«Foi ontem publicado o Decreto-Lei n.º 73/2009 que aprovou um novo regime jurídico da Reserva Agrícola Nacional (RAN), revogando a legislação anterior que vigorava há já vinte anos. Não se discute a necessidade de revisão de um quadro legal que, nalguns aspectos, surge como desajustado e obsoleto face à realidade actual.
Assim, e desde logo, o regime da RAN agora divulgado consagra a nova metodologia de classificação dos solos, conforme recomendação da Organização das Nações Unidas para a Agricultura e Alimentação (FAO/WRB).
Há, todavia, muitas críticas a fazer ao diploma publicado – a começar na total ausência de possibilidade dada às Organizações de Ambiente de participarem activamente na respectiva elaboração. Apesar de, aquando da aprovação em Conselho de Ministros, ter sido divulgado que o Decreto-Lei fora aprovado na generalidade para consultas, certo é que a única Associação consultada foi a Associação Nacional de Municípios Portugueses.

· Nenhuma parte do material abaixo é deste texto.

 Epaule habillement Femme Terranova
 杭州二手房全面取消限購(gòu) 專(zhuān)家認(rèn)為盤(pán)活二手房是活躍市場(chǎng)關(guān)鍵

As razões estão á vista: as Câmaras passam a ser as exclusivas responsáveis por delimitar a RAN, no âmbito do processo de elaboração, alteração ou revisão de plano municipal de ordenamento do território – o qual, recorde-se, deixou de estar sujeito a ratificação em Conselho de Ministros, na sequência de mais uma alteração à legislação de ordenamento do território em que este Governo tem sido fértil.
A delimitação da RAN vai ser efectuada e aprovada a nível municipal pelas próprias câmaras sendo desde logo considerados não integrados na Reserva Agrícola, entre outros, os “solos cuja urbanização seja possível programar” ( cfr. Art. 10º ) e, pasme-se, “Na elaboração da proposta de delimitação da RAN deve ser ponderada a necessidade de exclusão de áreas com edificações legalmente licenciadas ou autorizadas, bem como das destinadas à satisfação das carências existentes em termos de habitação, actividades económicas, equipamentos e de infra –estruturas” (cfr. Art. 12º nº 3). Tal significa obviamente uma aplicação completamente discricionária e ampla em cada um dos municípios, não permitindo assim proteger os valores associados ao regime da RAN.
Outro aspecto que merece o nosso repudio é a simplificação extrema de procedimentos, bem como a diminuição dos prazos para emissão de parecer prévio por parte das entidades regionais da RAN, em caso de utilizações não agrícolas de áreas integradas na RAN, dos actuais 60 ou 90 dias (consoante os casos), para somente 25, equivalendo a não emissão de parecer dentro deste prazo, a parecer (tácito) favorável (cfr. Arts. 22º e 23º).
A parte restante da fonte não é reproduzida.